## EXERCISE AIM
Keeping every word and mark, copy all of the data.

## EXERCISE INPUTS
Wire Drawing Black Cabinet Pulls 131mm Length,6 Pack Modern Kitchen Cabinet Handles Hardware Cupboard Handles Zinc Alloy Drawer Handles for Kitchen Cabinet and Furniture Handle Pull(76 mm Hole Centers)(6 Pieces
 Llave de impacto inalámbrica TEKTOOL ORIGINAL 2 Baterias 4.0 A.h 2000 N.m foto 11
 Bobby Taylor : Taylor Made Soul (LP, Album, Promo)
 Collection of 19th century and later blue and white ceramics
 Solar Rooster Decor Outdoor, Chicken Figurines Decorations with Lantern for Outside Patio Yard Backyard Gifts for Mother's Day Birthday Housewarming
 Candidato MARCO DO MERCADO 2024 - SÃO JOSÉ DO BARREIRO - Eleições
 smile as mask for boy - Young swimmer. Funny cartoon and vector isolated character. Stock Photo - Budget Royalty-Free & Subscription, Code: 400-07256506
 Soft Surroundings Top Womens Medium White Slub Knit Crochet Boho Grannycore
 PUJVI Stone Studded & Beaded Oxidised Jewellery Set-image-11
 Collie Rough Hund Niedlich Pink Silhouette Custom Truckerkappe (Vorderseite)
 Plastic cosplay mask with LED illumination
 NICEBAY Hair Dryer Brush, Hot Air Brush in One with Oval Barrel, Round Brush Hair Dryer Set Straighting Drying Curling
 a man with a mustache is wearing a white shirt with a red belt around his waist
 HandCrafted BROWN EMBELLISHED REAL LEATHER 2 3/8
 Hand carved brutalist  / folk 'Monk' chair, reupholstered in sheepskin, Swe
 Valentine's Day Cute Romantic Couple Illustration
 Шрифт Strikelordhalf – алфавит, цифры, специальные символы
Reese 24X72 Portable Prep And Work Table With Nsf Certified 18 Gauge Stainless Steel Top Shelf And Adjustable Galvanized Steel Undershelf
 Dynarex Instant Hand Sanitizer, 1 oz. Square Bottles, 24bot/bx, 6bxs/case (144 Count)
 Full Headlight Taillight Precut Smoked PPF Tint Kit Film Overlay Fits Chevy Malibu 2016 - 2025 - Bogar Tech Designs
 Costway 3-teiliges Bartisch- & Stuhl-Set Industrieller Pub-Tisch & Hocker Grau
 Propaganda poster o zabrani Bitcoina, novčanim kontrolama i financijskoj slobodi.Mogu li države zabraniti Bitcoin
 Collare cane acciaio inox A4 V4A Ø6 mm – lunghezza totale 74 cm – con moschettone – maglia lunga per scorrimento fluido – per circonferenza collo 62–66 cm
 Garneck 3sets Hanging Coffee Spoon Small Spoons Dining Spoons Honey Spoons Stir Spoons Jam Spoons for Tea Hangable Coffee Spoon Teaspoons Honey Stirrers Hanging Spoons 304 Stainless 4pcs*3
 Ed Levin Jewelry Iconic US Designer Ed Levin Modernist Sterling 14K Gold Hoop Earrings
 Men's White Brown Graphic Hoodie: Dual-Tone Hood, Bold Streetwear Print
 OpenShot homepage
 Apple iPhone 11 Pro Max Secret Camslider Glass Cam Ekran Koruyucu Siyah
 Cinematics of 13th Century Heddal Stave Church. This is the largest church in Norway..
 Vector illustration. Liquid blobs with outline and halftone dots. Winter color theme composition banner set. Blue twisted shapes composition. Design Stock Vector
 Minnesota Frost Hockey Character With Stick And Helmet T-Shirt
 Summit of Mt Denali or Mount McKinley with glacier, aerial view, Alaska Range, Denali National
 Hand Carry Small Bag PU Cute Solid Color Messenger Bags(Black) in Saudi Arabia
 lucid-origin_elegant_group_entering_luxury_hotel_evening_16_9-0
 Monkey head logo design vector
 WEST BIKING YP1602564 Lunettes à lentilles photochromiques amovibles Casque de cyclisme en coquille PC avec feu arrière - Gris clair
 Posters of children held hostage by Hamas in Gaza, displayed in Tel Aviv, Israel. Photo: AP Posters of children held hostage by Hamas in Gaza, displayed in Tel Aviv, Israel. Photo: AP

## ANSWER TO THIS PROBLEM
Wire Drawing Black Cabinet Pulls 131mm Length,6 Pack Modern Kitchen Cabinet Handles Hardware Cupboard Handles Zinc Alloy Drawer Handles for Kitchen Cabinet and Furniture Handle Pull(76 mm Hole Centers)(6 Pieces
 Llave de impacto inalámbrica TEKTOOL ORIGINAL 2 Baterias 4.0 A.h 2000 N.m foto 11
 Bobby Taylor : Taylor Made Soul (LP, Album, Promo)
 Collection of 19th century and later blue and white ceramics
 Solar Rooster Decor Outdoor, Chicken Figurines Decorations with Lantern for Outside Patio Yard Backyard Gifts for Mother's Day Birthday Housewarming
 Candidato MARCO DO MERCADO 2024 - SÃO JOSÉ DO BARREIRO - Eleições
 smile as mask for boy - Young swimmer. Funny cartoon and vector isolated character. Stock Photo - Budget Royalty-Free & Subscription, Code: 400-07256506
 Soft Surroundings Top Womens Medium White Slub Knit Crochet Boho Grannycore
 PUJVI Stone Studded & Beaded Oxidised Jewellery Set-image-11
 Collie Rough Hund Niedlich Pink Silhouette Custom Truckerkappe (Vorderseite)
 Plastic cosplay mask with LED illumination
 NICEBAY Hair Dryer Brush, Hot Air Brush in One with Oval Barrel, Round Brush Hair Dryer Set Straighting Drying Curling
 a man with a mustache is wearing a white shirt with a red belt around his waist
 HandCrafted BROWN EMBELLISHED REAL LEATHER 2 3/8
 Hand carved brutalist  / folk 'Monk' chair, reupholstered in sheepskin, Swe
 Valentine's Day Cute Romantic Couple Illustration
 Шрифт Strikelordhalf – алфавит, цифры, специальные символы
Reese 24X72 Portable Prep And Work Table With Nsf Certified 18 Gauge Stainless Steel Top Shelf And Adjustable Galvanized Steel Undershelf
 Dynarex Instant Hand Sanitizer, 1 oz. Square Bottles, 24bot/bx, 6bxs/case (144 Count)
 Full Headlight Taillight Precut Smoked PPF Tint Kit Film Overlay Fits Chevy Malibu 2016 - 2025 - Bogar Tech Designs
 Costway 3-teiliges Bartisch- & Stuhl-Set Industrieller Pub-Tisch & Hocker Grau
 Propaganda poster o zabrani Bitcoina, novčanim kontrolama i financijskoj slobodi.Mogu li države zabraniti Bitcoin
 Collare cane acciaio inox A4 V4A Ø6 mm – lunghezza totale 74 cm – con moschettone – maglia lunga per scorrimento fluido – per circonferenza collo 62–66 cm
 Garneck 3sets Hanging Coffee Spoon Small Spoons Dining Spoons Honey Spoons Stir Spoons Jam Spoons for Tea Hangable Coffee Spoon Teaspoons Honey Stirrers Hanging Spoons 304 Stainless 4pcs*3
 Ed Levin Jewelry Iconic US Designer Ed Levin Modernist Sterling 14K Gold Hoop Earrings
 Men's White Brown Graphic Hoodie: Dual-Tone Hood, Bold Streetwear Print
 OpenShot homepage
 Apple iPhone 11 Pro Max Secret Camslider Glass Cam Ekran Koruyucu Siyah
 Cinematics of 13th Century Heddal Stave Church. This is the largest church in Norway..
 Vector illustration. Liquid blobs with outline and halftone dots. Winter color theme composition banner set. Blue twisted shapes composition. Design Stock Vector
 Minnesota Frost Hockey Character With Stick And Helmet T-Shirt
 Summit of Mt Denali or Mount McKinley with glacier, aerial view, Alaska Range, Denali National
 Hand Carry Small Bag PU Cute Solid Color Messenger Bags(Black) in Saudi Arabia
 lucid-origin_elegant_group_entering_luxury_hotel_evening_16_9-0
 Monkey head logo design vector
 WEST BIKING YP1602564 Lunettes à lentilles photochromiques amovibles Casque de cyclisme en coquille PC avec feu arrière - Gris clair
 Posters of children held hostage by Hamas in Gaza, displayed in Tel Aviv, Israel. Photo: AP Posters of children held hostage by Hamas in Gaza, displayed in Tel Aviv, Israel. Photo: AP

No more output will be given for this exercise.